# Feast Basic CustomerTransactions Example

This is a minimal example of using Feast. In this example we will
1. Create a synthetic customer feature dataset
1. Register a feature set to represent these features in Feast
1. Ingest these features into Feast
1. Create a feature query and retrieve historical feature data

### 1. Install Feast and dependencies

If you are using `gcr.io/konnekt-core/jupyter-feast`, it should already be available in the `feast-venv` kernel.

Otherwise use the following command (`#ask-konnekt` for pypi credentials if you don't have any).

In [None]:
!pip install --quiet --upgrade pip pandas numpy protobuf \
  && pip install -i "https://pypi.prod.konnekt.us/simple/" --extra-index-url https://pypi.org/simple/ "feast==0.4.3.dev68+g1feb425.d20200108"

### 2. Import necessary modules

In [None]:
import pandas as pd
import numpy as np
from pytz import utc
from feast import Client, FeatureSet, Entity, ValueType
from google.protobuf.duration_pb2 import Duration
from datetime import datetime, timedelta
from random import randrange, randint
import os

### 3. Configure Feast services and connect the Feast client

If you have injected the environment variables into your notebook, you can use the follow code. Otherwise configure as necessary.

Note, we will not be using online serving for the time being.

In [None]:
CORE_URL = os.getenv('FEAST_CORE_URL')
BATCH_SERVING_URL = os.getenv('FEAST_BATCH_SERVING_URL')
ONLINE_SERVING_URL = os.getenv('FEAST_ONLINE_SERVING_URL')
print(CORE_URL, BATCH_SERVING_URL, ONLINE_SERVING_URL)

In [None]:
PROJECT = 'proj_' + str(randint(1000, 9999))
print(PROJECT)
client = Client(core_url=CORE_URL, serving_url=BATCH_SERVING_URL, project=PROJECT)
if PROJECT not in client.list_projects():
    client.create_project(PROJECT)

### 4. Create synthetic customer features

Here we will create customer features for 5 customers over a month. Each customer will have a set of features for every day.

In [None]:
days = [datetime.utcnow().replace(hour=0, minute=0, second=0, microsecond=0).replace(tzinfo=utc) \
        - timedelta(day) for day in range(31)]

customers = [1001, 1002, 1003, 1004, 1005]

In [None]:
customer_features = pd.DataFrame(
    {
        "datetime": [day for day in days for customer in customers],
        "customer_id": [customer for day in days for customer in customers],
        "daily_transactions": [np.random.rand() * 10 for _ in range(len(days) * len(customers))],
        "total_transactions": [np.random.randint(100) for _ in range(len(days) * len(customers))],
    }
)

print(customer_features.head(10))

### 5. Create feature set for customer features

Now we will create a feature set for these features. Feature sets are essentially a schema that represent
feature values. Feature sets allow Feast to both identify feature values and their structure. 

In this case we need to define any entity columns as well as the maximum age.
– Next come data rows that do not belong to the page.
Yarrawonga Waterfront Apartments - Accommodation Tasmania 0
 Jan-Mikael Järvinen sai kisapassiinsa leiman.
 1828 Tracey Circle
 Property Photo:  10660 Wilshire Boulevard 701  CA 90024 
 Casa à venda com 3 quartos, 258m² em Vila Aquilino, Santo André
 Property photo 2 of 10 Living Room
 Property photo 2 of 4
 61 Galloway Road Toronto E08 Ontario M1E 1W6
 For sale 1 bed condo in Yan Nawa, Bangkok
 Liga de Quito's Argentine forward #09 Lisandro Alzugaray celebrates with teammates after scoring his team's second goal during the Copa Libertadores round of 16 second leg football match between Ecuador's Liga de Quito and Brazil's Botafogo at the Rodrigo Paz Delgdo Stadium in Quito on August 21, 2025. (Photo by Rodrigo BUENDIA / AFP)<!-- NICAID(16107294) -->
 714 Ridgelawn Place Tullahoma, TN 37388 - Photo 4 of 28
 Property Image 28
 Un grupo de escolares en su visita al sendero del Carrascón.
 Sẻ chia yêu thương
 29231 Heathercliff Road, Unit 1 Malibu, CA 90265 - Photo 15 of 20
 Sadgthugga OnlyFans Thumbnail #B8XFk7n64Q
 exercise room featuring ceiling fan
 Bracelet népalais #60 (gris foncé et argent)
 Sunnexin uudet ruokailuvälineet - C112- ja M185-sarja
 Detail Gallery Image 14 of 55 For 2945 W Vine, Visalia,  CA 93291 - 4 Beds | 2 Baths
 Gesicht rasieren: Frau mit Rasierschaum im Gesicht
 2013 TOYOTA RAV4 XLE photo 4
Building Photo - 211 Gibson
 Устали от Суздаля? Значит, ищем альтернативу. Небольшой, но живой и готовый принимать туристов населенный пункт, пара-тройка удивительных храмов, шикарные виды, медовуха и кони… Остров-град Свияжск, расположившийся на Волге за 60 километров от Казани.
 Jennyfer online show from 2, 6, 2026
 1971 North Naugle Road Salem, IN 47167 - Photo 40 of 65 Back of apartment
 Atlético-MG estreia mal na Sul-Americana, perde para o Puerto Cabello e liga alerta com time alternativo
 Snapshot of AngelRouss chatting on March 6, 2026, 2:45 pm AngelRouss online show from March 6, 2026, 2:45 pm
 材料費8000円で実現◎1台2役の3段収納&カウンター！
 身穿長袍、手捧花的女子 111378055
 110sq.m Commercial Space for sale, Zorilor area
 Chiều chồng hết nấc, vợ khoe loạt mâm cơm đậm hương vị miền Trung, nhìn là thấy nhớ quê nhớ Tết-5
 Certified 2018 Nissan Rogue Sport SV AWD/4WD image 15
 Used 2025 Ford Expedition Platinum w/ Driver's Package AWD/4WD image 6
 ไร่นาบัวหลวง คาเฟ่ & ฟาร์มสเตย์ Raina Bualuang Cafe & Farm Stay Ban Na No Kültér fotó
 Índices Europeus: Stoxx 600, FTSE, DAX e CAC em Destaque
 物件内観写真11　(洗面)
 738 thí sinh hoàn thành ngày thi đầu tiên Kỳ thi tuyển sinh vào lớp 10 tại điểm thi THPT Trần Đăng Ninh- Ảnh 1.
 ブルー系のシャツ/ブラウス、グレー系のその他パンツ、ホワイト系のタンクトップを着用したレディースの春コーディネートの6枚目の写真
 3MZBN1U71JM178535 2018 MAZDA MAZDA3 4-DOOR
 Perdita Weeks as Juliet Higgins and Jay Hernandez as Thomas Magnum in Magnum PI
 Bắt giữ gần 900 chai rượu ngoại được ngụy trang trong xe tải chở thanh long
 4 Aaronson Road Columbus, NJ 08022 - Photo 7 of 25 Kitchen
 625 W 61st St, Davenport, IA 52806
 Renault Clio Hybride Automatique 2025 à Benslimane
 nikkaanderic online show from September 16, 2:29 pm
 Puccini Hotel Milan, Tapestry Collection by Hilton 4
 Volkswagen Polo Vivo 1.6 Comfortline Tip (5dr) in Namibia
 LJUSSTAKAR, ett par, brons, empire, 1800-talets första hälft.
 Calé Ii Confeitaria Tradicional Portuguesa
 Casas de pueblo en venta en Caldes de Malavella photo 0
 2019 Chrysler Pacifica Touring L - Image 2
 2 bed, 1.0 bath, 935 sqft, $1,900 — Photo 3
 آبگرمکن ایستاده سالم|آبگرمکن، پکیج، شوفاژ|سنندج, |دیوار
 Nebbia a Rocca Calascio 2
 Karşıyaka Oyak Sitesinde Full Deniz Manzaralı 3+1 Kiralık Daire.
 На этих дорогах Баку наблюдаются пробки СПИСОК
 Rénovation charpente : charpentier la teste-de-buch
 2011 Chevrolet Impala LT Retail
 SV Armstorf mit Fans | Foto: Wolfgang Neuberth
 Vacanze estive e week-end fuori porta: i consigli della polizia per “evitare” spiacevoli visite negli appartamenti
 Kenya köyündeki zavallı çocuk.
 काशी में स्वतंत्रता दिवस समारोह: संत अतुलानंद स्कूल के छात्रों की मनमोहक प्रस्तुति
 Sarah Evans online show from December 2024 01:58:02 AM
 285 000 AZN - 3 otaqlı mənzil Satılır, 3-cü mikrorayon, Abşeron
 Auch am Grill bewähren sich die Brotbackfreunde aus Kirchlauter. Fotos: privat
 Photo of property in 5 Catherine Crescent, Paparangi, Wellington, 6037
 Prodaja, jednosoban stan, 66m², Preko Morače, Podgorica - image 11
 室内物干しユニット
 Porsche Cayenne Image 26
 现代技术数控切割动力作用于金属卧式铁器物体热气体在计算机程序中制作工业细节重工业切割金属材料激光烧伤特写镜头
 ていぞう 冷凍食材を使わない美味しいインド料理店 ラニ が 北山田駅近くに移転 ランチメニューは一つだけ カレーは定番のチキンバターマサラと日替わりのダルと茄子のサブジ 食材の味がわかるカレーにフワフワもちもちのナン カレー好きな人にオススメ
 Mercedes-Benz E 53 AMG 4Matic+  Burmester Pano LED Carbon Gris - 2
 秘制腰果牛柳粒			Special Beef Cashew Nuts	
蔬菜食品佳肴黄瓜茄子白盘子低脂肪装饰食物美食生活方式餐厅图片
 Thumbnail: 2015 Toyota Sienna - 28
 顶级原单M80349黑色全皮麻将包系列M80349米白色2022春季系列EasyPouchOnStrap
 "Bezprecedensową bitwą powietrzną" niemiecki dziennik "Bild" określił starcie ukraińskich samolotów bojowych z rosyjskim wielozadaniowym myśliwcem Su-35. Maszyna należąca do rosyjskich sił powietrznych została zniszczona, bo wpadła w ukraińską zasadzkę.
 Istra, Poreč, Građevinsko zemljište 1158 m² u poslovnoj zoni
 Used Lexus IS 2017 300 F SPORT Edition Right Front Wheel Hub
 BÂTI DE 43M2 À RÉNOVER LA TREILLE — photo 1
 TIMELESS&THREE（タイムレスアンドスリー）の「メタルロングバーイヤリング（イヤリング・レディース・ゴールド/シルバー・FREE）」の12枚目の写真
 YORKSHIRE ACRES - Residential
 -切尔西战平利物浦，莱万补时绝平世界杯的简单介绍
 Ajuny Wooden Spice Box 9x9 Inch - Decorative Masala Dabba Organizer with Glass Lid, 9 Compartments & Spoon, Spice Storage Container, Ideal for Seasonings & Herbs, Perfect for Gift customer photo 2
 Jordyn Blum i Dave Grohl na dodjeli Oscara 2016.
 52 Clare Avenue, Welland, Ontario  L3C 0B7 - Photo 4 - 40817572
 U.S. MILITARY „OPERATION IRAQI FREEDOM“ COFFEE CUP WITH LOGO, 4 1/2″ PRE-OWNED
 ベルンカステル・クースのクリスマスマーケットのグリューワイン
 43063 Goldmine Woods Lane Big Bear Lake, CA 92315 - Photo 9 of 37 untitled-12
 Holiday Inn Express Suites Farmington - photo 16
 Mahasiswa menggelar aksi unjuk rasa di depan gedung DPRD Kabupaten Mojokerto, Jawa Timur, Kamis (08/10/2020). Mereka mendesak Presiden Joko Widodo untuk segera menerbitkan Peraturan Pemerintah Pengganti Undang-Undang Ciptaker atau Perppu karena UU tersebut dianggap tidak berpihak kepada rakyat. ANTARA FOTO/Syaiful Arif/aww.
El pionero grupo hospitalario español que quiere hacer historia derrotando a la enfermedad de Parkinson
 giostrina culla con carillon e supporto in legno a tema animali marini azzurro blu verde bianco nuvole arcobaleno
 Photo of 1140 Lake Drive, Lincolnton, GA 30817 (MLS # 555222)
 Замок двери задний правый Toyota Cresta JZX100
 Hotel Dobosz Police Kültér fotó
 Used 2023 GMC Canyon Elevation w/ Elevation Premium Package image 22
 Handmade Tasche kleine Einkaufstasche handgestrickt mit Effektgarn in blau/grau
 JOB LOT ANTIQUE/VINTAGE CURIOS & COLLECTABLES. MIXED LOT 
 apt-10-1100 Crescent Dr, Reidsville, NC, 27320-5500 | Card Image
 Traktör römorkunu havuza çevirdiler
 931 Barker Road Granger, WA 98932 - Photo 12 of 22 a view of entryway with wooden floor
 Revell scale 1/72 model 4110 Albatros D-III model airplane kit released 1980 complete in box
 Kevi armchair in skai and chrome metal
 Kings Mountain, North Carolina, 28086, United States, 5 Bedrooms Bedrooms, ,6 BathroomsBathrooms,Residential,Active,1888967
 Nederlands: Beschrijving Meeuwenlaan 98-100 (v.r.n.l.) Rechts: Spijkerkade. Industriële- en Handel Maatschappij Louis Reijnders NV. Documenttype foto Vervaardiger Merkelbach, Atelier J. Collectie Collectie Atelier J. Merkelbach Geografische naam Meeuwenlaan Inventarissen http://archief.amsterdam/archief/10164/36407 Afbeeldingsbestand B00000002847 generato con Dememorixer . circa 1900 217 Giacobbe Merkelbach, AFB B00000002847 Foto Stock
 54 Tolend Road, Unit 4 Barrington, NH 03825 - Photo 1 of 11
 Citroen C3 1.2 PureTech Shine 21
The entity column in this case is "customer_id". Max age is set to 1 day (defined in seconds). This means that for each feature query during retrieval, the serving API will only retrieve features up to a maximum of 1 day per provided timestamp and entity combination. 

In [None]:
customer_fs = FeatureSet(
    "customer_transactions",
    max_age=Duration(seconds=86400),
    entities=[Entity(name='customer_id', dtype=ValueType.INT64)]
)

Here we are automatically inferring the schema from the provided dataset

In [None]:
customer_fs.infer_fields_from_df(customer_features, replace_existing_features=True)

### 6. Register feature set with Feast Core

The apply() method will register the provided feature set with Feast core, allowing users to retrieve features from this feature set

In [None]:
client.apply(customer_fs)

We test the retrieval of this feature set object (not its data), to ensure that we have the latest version

In [None]:
customer_fs = client.get_feature_set("customer_transactions")
print(customer_fs)

### 7. Ingest data into Feast for a feature set

In [None]:
client.ingest("customer_transactions", customer_features)

### 8. Create a batch retrieval query

In order to retrieve historical feature data, the user must provide an entity_rows dataframe. This dataframe contains a combination of timestamps and entities. In this case, the user must provide both customer_ids and timestamps. 

We will randomly generate timestamps over the last 30 days, and assign customer_ids to them. When these entity rows are sent to the Feast Serving API to retrieve feature values, along with a list of feature ids, Feast is then able to attach the correct feature values to each entity row. The one exception is if the feature values fall outside of the maximum age window.

In [None]:
event_timestamps = [datetime.utcnow().replace(tzinfo=utc) - timedelta(days=randrange(15), hours=randrange(24), minutes=randrange(60)) for day in range(30)]

entity_rows = pd.DataFrame(
    {
        "datetime": event_timestamps,
        "customer_id": [customers[idx % len(customers)] for idx in range(len(event_timestamps))],
    }
)

print(entity_rows.head(10))

### 9. Retrieve historical/batch features

In [None]:
job = client.get_batch_features(
                            feature_refs=[
                                f"{PROJECT}/daily_transactions:{customer_fs.version}",
                                f"{PROJECT}/total_transactions:{customer_fs.version}"
                               ],
                            entity_rows=entity_rows,
                            default_project=PROJECT
                         )
df = job.to_dataframe()
print(df.head(10))